*** Begin section ***

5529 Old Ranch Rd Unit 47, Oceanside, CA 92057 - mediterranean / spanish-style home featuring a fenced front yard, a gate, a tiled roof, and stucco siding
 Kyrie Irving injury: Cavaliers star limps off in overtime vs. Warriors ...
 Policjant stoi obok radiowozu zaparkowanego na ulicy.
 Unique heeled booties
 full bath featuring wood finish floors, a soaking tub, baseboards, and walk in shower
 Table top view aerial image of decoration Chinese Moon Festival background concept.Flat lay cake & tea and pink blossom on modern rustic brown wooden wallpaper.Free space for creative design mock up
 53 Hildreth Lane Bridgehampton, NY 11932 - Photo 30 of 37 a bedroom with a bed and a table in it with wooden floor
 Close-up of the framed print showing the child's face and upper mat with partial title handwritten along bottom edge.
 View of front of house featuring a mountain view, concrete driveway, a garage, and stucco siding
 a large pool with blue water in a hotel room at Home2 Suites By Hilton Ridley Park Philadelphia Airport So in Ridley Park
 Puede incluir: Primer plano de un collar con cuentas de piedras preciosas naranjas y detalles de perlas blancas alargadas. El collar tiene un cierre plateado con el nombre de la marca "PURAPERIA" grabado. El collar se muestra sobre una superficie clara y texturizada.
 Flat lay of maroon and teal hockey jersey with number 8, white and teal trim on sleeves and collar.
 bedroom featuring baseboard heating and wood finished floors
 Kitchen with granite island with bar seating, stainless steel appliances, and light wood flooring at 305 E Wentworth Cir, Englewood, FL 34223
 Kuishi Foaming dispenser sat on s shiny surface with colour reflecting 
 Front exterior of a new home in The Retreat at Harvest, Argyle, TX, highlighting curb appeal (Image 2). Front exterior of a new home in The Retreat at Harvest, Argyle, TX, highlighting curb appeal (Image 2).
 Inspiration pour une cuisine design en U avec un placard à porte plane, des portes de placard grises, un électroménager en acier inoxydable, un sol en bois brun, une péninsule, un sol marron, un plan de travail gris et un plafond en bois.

*** End section ***

Of the entries listed above, reproduce only the lines starting at the line containing "View of front" and ending at the line containing "(Image 2). Front". Include both, exactly as they stand.

 View of front of house featuring a mountain view, concrete driveway, a garage, and stucco siding
 a large pool with blue water in a hotel room at Home2 Suites By Hilton Ridley Park Philadelphia Airport So in Ridley Park
 Puede incluir: Primer plano de un collar con cuentas de piedras preciosas naranjas y detalles de perlas blancas alargadas. El collar tiene un cierre plateado con el nombre de la marca "PURAPERIA" grabado. El collar se muestra sobre una superficie clara y texturizada.
 Flat lay of maroon and teal hockey jersey with number 8, white and teal trim on sleeves and collar.
 bedroom featuring baseboard heating and wood finished floors
 Kitchen with granite island with bar seating, stainless steel appliances, and light wood flooring at 305 E Wentworth Cir, Englewood, FL 34223
 Kuishi Foaming dispenser sat on s shiny surface with colour reflecting 
 Front exterior of a new home in The Retreat at Harvest, Argyle, TX, highlighting curb appeal (Image 2). Front exterior of a new home in The Retreat at Harvest, Argyle, TX, highlighting curb appeal (Image 2).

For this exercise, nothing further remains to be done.